Super 8 (2011) – 2.5/5
A hoakey, forced mess of a film with occasional touches of creativity and cleverness, mostly in the first act, and mostly in scenes not involving the stupid alien subplot that unfortunately drives most of the story after it’s introduced. Good acting, though, especially from Elle Fanning who is almost as good as her sister and has a successful career ahead of her, I predict, and Kyle Chandler of “Friday Night Lights” fame who was born to play the role of the angry over-protective father. He’s another one to watch. Acting aside though, this is not a good movie.
There is not a genuine bone in this movie’s body. Everything feels so artificial. The beginning first 30 minutes or so are pretty good, to the point where I was actually enjoying what I was seeing, but after the ridiculously over the top CGI train crash sequence things just start going to hell. The very concept of this film is silly, and, ultimately, doesn’t work for me. Even while watching the trailer for this film I remember thinking how stupid of an idea it was; it’s just too disjointed, too needlessly complex, and, ultimately, not very interesting. It’s the type of concept that may work on paper, or maybe as a short story, or even as a novel, but as a film? No.
The group of kids bickering back and forth incessantly was also incredibly annoying. Fanning was good, the best, and really helped ground the film whenever she was on-screen. You can see why the main character would fall for her; she has this maturity and world-weary essence about her that is extremely magnetic, and is the type of actress who can speak volumes about her character with just a glance. A mark of a great actress. A shame she wasn’t the main character as that probably would have made for a much better film.
The real issue though, as I mentioned before, is the story. It’s just not interesting, and often too convoluted for its own good. Most of it doesn’t even work. Maybe if it had been handled by a better director, or written in a more unique, less artificial manner, or even edited more smoothly, they could have pulled it off. As it stands, though, some scenes were just terrible, namely any scene involving Fanning’s father, especially the one near the middle where he ***SPOILERS*** yells at her for having snuck out of the house and she ends up running off and he has to chase after her with his car. **END SPOILERS** What an awful scene: written, directed, acted, just everything. Terrible. I didn’t believe it for a moment.
And the reveal of why her father and the main character’s father, Kyle Chandler, don’t like each other was so idiotic, as was the eventual resolution to that conflict. Come on. Ugh. And what’s with all the stupid lens flares all over the place? I can understand doing it once, maybe, during some cool alien stuff, but in every freaking night scene involving lights? No one editing this movie thought it might be annoying to constantly blind the audience whenever a light was turned on? And don’t give me any of that “director’s stylistic choice” crap; the effect has no meaningful purpose and only serves to annoy the hell out of the audience. It doesn’t even look good.
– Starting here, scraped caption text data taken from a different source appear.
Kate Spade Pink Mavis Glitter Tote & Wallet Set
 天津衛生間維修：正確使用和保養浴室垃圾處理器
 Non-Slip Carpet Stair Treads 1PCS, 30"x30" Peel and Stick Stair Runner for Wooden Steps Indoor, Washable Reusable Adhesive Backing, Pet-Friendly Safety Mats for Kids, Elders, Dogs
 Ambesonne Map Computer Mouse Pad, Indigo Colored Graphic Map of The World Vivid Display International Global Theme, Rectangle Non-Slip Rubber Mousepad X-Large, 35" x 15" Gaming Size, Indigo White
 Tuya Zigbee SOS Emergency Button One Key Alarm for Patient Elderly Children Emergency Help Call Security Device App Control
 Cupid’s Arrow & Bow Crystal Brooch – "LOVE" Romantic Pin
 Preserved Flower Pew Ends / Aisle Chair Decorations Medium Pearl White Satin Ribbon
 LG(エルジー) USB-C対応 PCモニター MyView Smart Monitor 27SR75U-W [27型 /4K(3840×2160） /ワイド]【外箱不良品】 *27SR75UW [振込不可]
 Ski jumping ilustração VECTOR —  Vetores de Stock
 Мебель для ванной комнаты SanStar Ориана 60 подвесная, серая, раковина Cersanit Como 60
Overall, not a good movie. At times quite terrible, and at others, merely okay. The beginning was pretty enjoyable at least, the acting was good, and the special effects were decent, except for the stupid lens flare effect which should be destroyed now and forever for the sake of all that is good and decent in the world. The film is a good example of how you can’t force sentiment and nostalgia by just repeating scenes from other films and hoping for the best. You need a good story, good characters, good writing, and good direction, all of which this film lacked. Don’t watch.